AVAILABLE DATA.
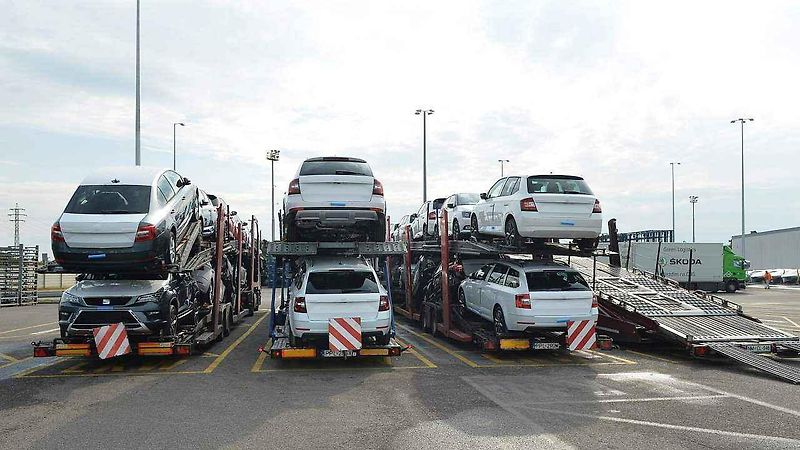 Závody v Mladé Boleslavi a Kvasinách denně opustí více jak 3000 nových vozů.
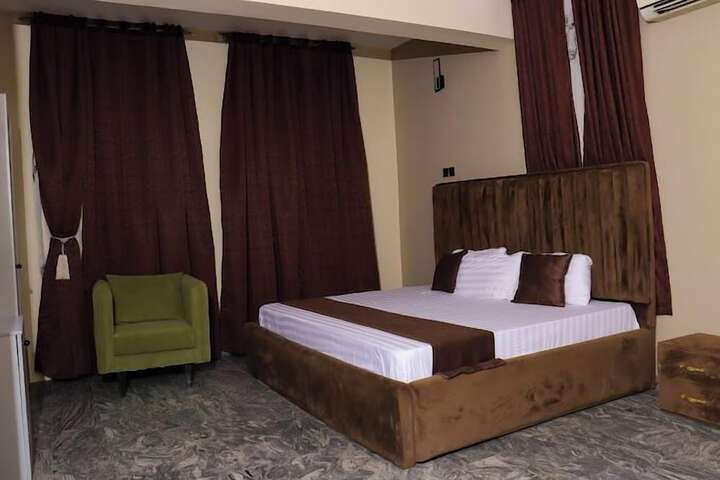 Room 10 of 56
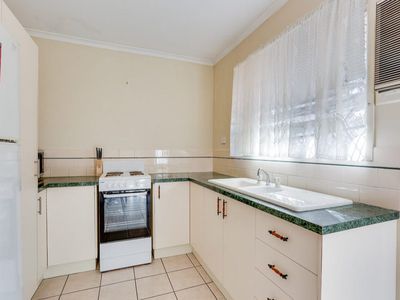 9 / 3 ROSEGUM PLACE, Redbank Plains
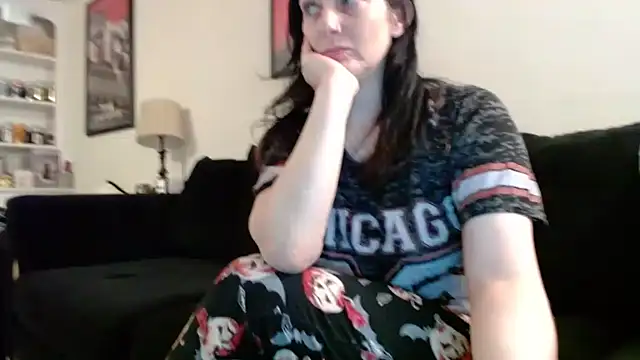 Snapshot of CrystalLakeXO chatting on October 5, 4:44 am CrystalLakeXO online show from October 5, 4:44 am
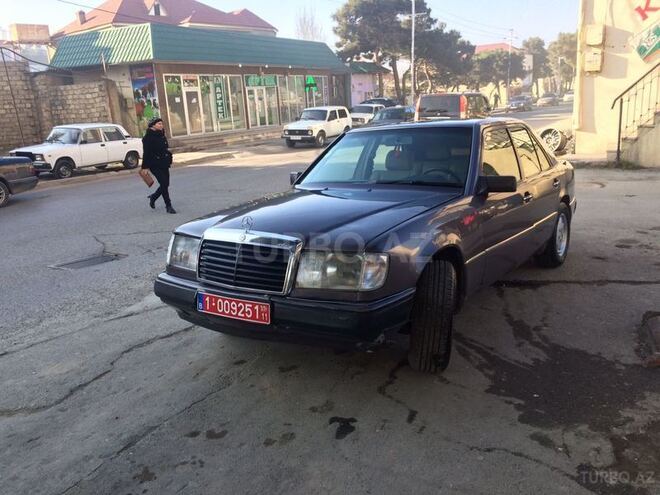Mercedes E 230 1990, 350,000 km - 2.3 л - Bakı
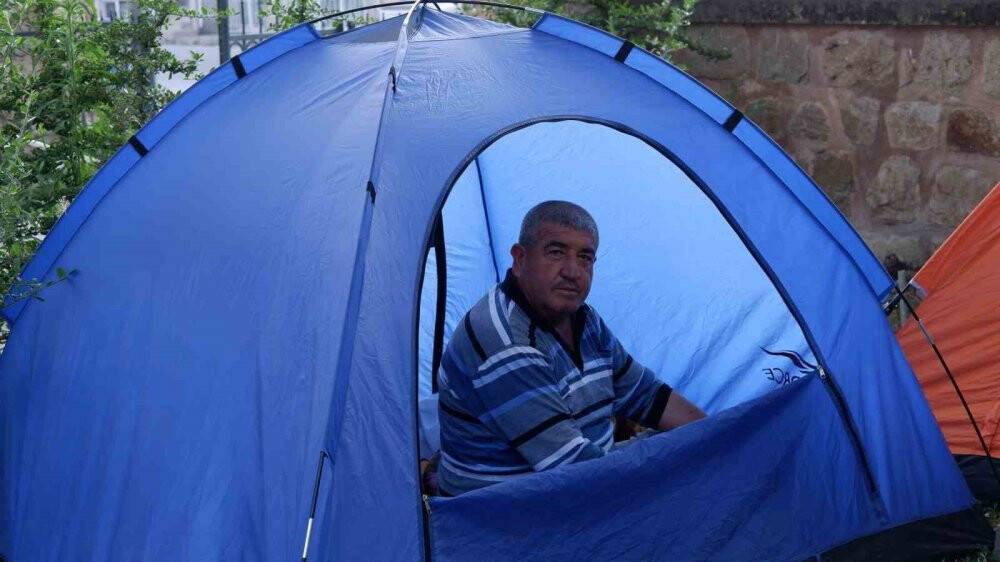 Otellerde yer bulamayan güreş sevdalıları, meydanlarda çadırlarda uyudu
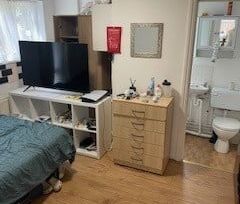 Studio Flat, Belmont Road, N15 - Photo 2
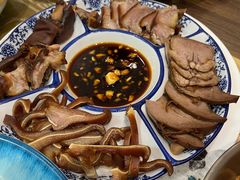 -鑫真味私房菜馆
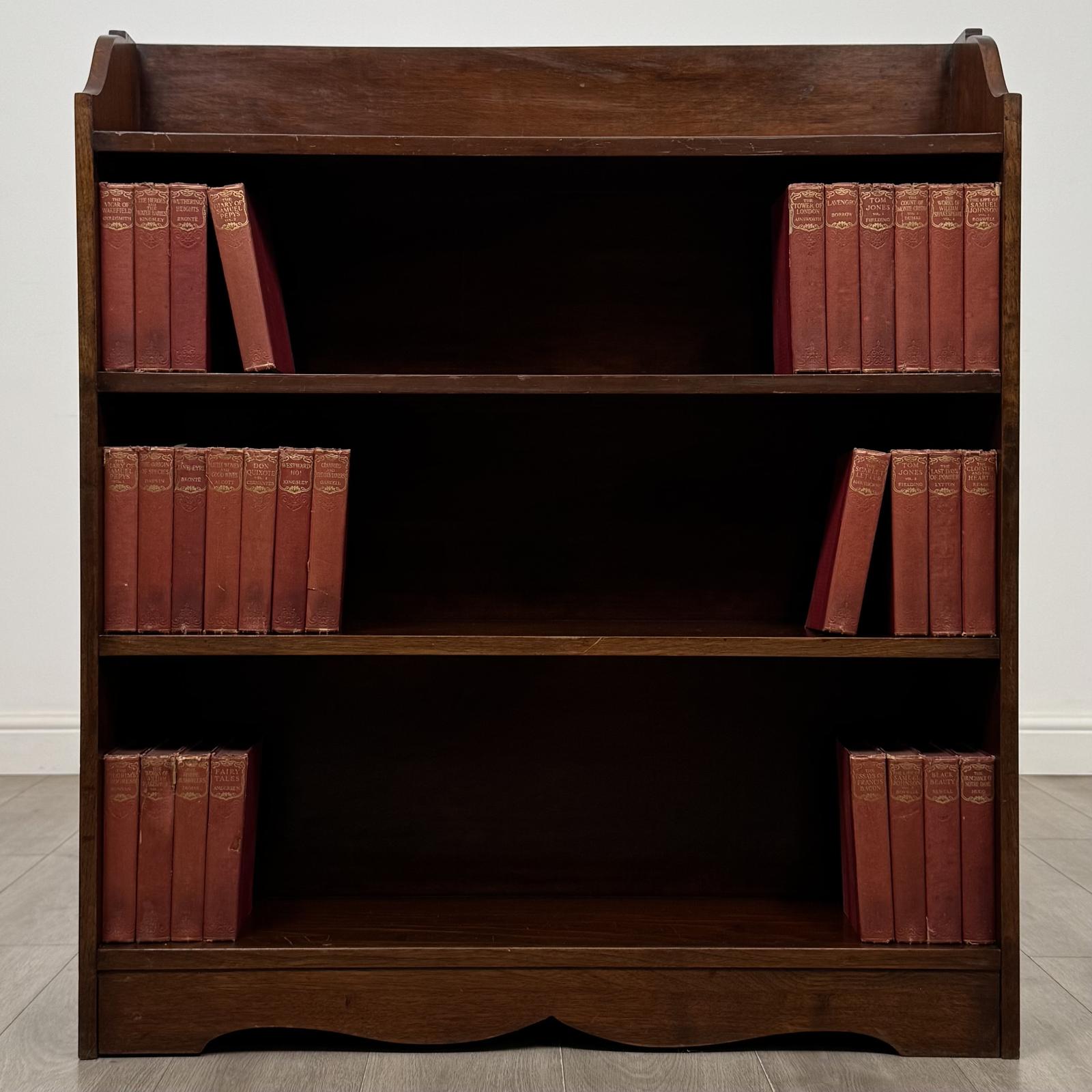 Antique 20th Century Open Bookcase In Mahogany (1 of 10) Antique 20th Century Open Bookcase In Mahogany (1 of 10)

ASSIGNMENT. Write out each entry exactly as given, but skip the pictures.

RESULT OF THE EXERCISE.
 Závody v Mladé Boleslavi a Kvasinách denně opustí více jak 3000 nových vozů.
 Room 10 of 56
 9 / 3 ROSEGUM PLACE, Redbank Plains
 Snapshot of CrystalLakeXO chatting on October 5, 4:44 am CrystalLakeXO online show from October 5, 4:44 am
Mercedes E 230 1990, 350,000 km - 2.3 л - Bakı
 Otellerde yer bulamayan güreş sevdalıları, meydanlarda çadırlarda uyudu
 Studio Flat, Belmont Road, N15 - Photo 2
 -鑫真味私房菜馆
 Antique 20th Century Open Bookcase In Mahogany (1 of 10) Antique 20th Century Open Bookcase In Mahogany (1 of 10)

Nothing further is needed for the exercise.